Born in 1855 at the Wittebergen Mission Station in what is today Lesotho, Schreiner spent the lion’s share of her youth in the Karoo. In the 1880s, she was abroad in England and Europe for eight years, before returning to South Africa in 1889 and settling in Matjiesfontein. In 1894, she married Samuel Cronwright, a Cradock farmer. They resided on the farm Krans Plaats.
The Cronwright-Schreiners would move to Kimberley, thereupon to Johannesburg and then to Hanover. In 1908, they settled in the newly established hamlet of De Aar, where her husband had taken up the cudgels as the first town clerk. This was until her second period in England.
It is from dusty De Aar that most of the letters that I consider here were dispatched. The material-culture aspect of it all – where all the paper and ink came from, for example – would make a fascinating study for a student in socio-economic history.
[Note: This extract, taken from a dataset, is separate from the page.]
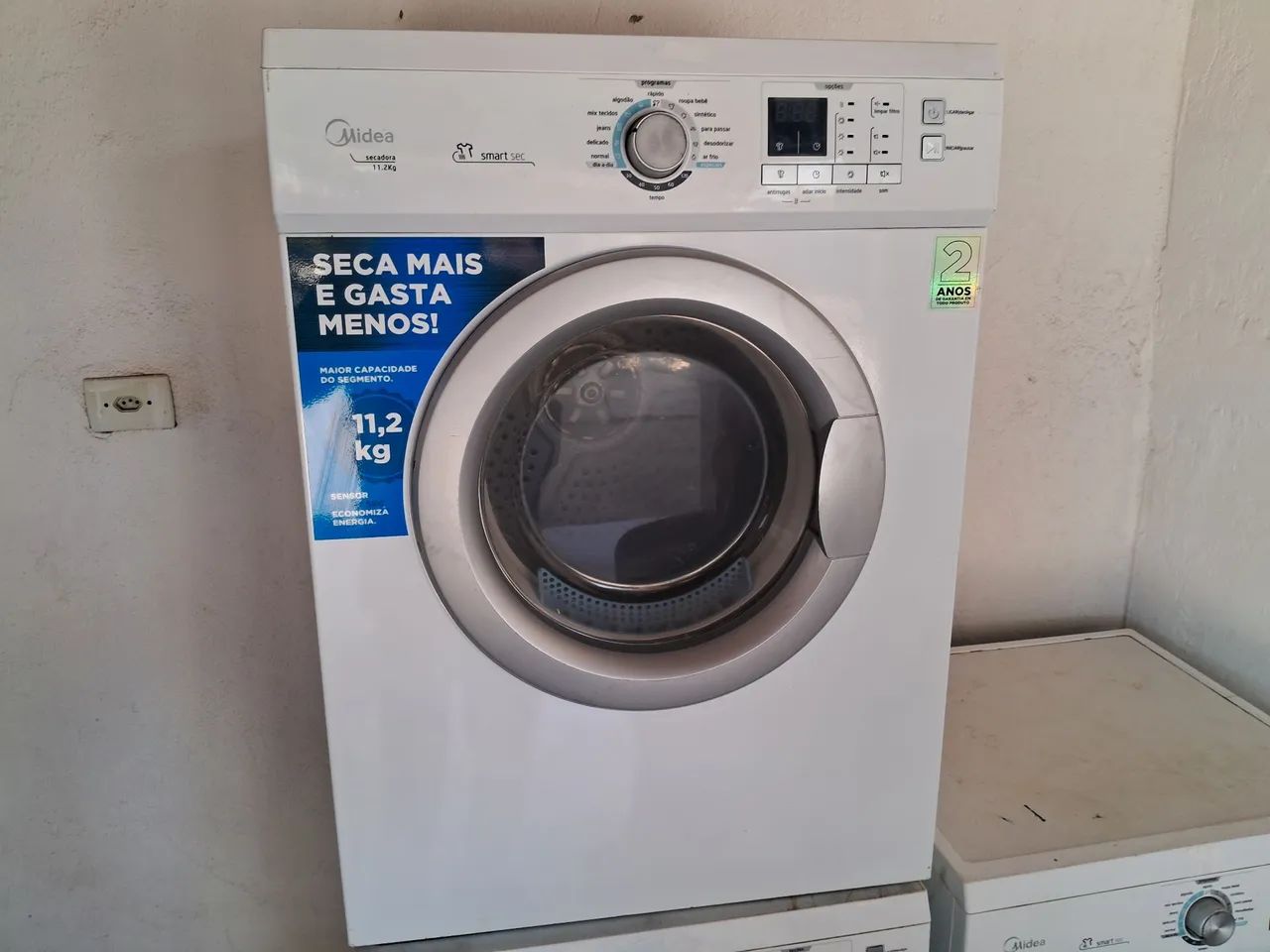 Secadora de Roupa Midea 11,2kg Smart Sec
Last night, the Afrikaans novelist Kirby van der Merwe told me that when Richard Rive, who did a DPhil on Schreiner at Magdalen in Oxford, was compiling his volume of letters of Schreiner, he was one of several transcribers. He said every bit of paper surface was used – certainly both sides – all of which rendered the task of transcription particularly arduous.
Indeed, today we have the benefit of a marvellous online repository of her letters, Olive Schreiner Letters Online, which collects at one virtual address all the letters from her that have been located. It is truly nothing short of a treasure trove – with several footnotes (I didn’t tell Kirby) criticising Rive’s transcriptions.
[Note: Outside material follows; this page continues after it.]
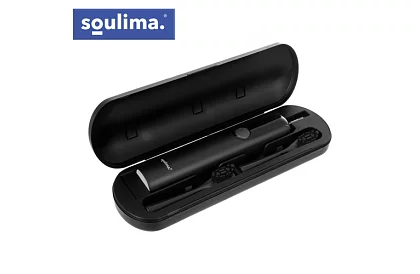 Periuță de dinți electrică sonică X800 - neagră – 90.000 rot/min + 6 capete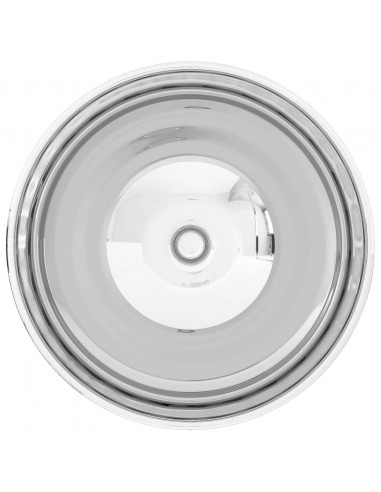 Lavandino 32,5x14 cm in Ceramica Argento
Some letters are personal and intimate. In others, Schreiner pursues the many causes to which she was avowed. In many, there is a surprising and refreshing coalescence of the private and the public – a transgression that Schreiner committed repeatedly and seamlessly. Indeed, often her focus changes, even mid-letter, from matters playing out on the world stage to cameos of domesticity amid the dust of the Karoo – the interminable and omnipresent dust.
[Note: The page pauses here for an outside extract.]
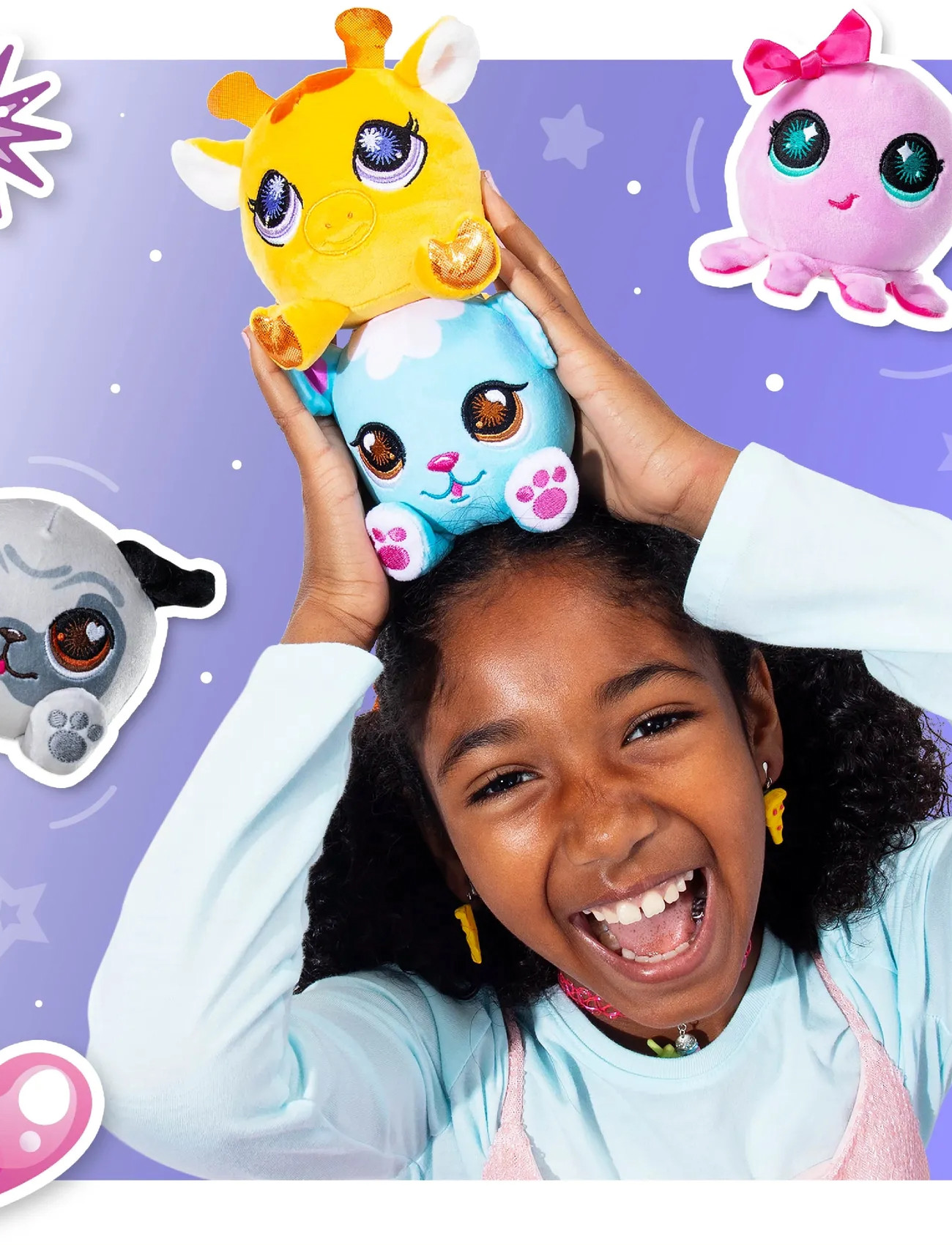 Littlest Pet Shop Littlest Pet Shop Surprise Plush Pets Ass Cdu W2, One Size, Blue, Soft Legetøj > Stuffed Animals, Børn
I home in on 1912 and 1913. One of the central themes on Schreiner’s mind at that time is the advancement in the world of the professions of two of her nieces, both children of her brother Will and his wife, Fan Schreiner, namely Frances Lyndall – known fondly to the family as Dot – and Ursula.
On 24 April 1912, from De Aar Olive wrote to the English poet, reformer, socialist, utopian and gay rights activist Edward Carpenter. Like so many carrying one or more of those epithets, Carpenter started out as an Anglican priest, before atheism set in.
Carpenter was one of Schreiner’s longest-standing correspondents – one sees letters of minute and affectionate intimacy as early as the 1890s. He was himself a friend of Rabindranath Tagore and Walt Whitman and supposedly the spur for EM Forster’s novel Maurice. He was 11 years older than Schreiner, and, between 1870 and 1925, shortly before his death in 1927, he wrote and published prodigiously.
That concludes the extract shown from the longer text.